De novo design of protein interactions with learned surface fingerprints
B. E. Correia P. Gainza S. Wehrle A. Van Hall−Beauvais A. Marchand A. Scheck Z. Harteveld S. Buckley D. Ni S. Tan F. Sverrisson C. Goverde P. Turelli C. Raclot A. Teslenko M. Pacesa S. Rosset S. Georgeon J. Marsden A. Petruzzella K. Liu Z. Xu Y. Chai P. Han G. F. Gao E. Oricchio B. Fierz D. Trono H. Stahlberg M. B. Bronstein
Physical interactions between proteins are essential for most biological processes governing life. However, the molecular determinants of such interactions have been challenging to understand, even as genomic, proteomic and structural data increase.
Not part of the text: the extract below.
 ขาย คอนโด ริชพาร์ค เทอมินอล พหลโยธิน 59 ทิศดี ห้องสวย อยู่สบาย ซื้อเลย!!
This knowledge gap has been a major obstacle for the comprehensive understanding of cellular protein–protein interaction networks and for the de novo design of protein binders that are crucial for synthetic biology and translational applications. Here we use a geometric deep-learning framework operating on protein surfaces that generates fingerprints to describe geometric and chemical features that are critical to drive protein–protein interactions. We hypothesized that these fingerprints capture the key aspects of molecular recognition that represent a new paradigm in the computational design of novel protein interactions. As a proof of principle, we computationally designed several de novo protein binders to engage four protein targets: SARS-CoV-2 spike, PD-1, PD-L1 and CTLA-4. Several designs were experimentally optimized, whereas others were generated purely in silico, reaching nanomolar affinity with structural and mutational characterization showing highly accurate predictions. Overall, our surface-centric approach captures the physical and chemical determinants of molecular recognition, enabling an approach for the de novo design of protein interactions and, more broadly, of artificial proteins with function.